Isolarion by James Attlee

I read and really liked James Attlee’s book on moonlight, Nocturne, back in 2010, and I think it was after that when I spotted this book in a secondhand shop in either Cambridge or London and decided I needed to buy it. I’ve never been to Oxford, but I nevertheless thoroughly enjoyed this exploration of Cowley Road, the multicultural commercial center of East Oxford, where Attlee lives. The book is an engaging mix of the historical and the personal and the reportorial, as Attlee visits various places on Cowley Road and talks to various locals about a number of topics, while also talking about the history of the area and about other aspects of history more broadly. At the start, Attlee talks about the idea of making a pilgrimage, and then talks about making a pilgrimage in many pieces, and close to home. He wants to undertake “an urban, post-modern, fragmentary pilgrimage that could be dipped in and out of” rather than a pilgrimage that’s a journey far away that takes you wholly out of your normal routines.

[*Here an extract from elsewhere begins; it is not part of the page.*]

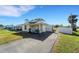 Cute bungalow with a fenced yard, driveway, and white gate at 585 Purdy St, Englewood, FL 34223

So: this book is a Cowley Road pilgrimage, but we get glimpses of other pilgrimages for contrast: Attlee talks to a friend who has written about French priests making pilgrimages to Jerusalem in the 16th century, and to a Muslim neighbor who has undertaken the hajj; he also talks about St. Edmund’s Well in Oxford, which was itself a pilgrimage site in the 13th century. Attlee’s associative style really works for me; I like the way he jumps between places and times. And I like all the local details of Cowley Road that Attlee captures, all the places he visits (some of which have of course closed/changed/moved between when this book came out and now): he goes to pubs and cafes, talks to a jeweller, tries out a float tank, learns about the Chabad movement from a rabbi after reading about the opening of a mikvah, visits a car factory, and more. He quotes Robert Burton’s Anatomy of Melancholy and Peter Ackroyd (“The city itself is a form of literature in which the streets are the lines of a book that can never be completed”) and takes part in various planning exercises to do with the future of Cowley Road/possible aesthetic and safety improvements to it. He goes to a reggae show and to Carnival, and talks to an artist named Jo Thomas who led a walk on the summer solstice “visiting places mentioned in ancient records as being the locations of wells and springs.” I like the way Attlee writes about the built environment and the natural world and the moods of certain moments: like this description of a graveyard: “In certain weather conditions in winter, the ground emits a mist that hangs in ribbons between the gravestones, taking on a sulphuric tint under the street lights.” Or this, from when he has dinner in a neighbor’s yard: “the wheeling, screaming swifts are replaced by bats that flutter silently above our heads, the intricate calligraphy of their flight paths indecipherable as daylight fades and night pours into the gardens of East Oxford.”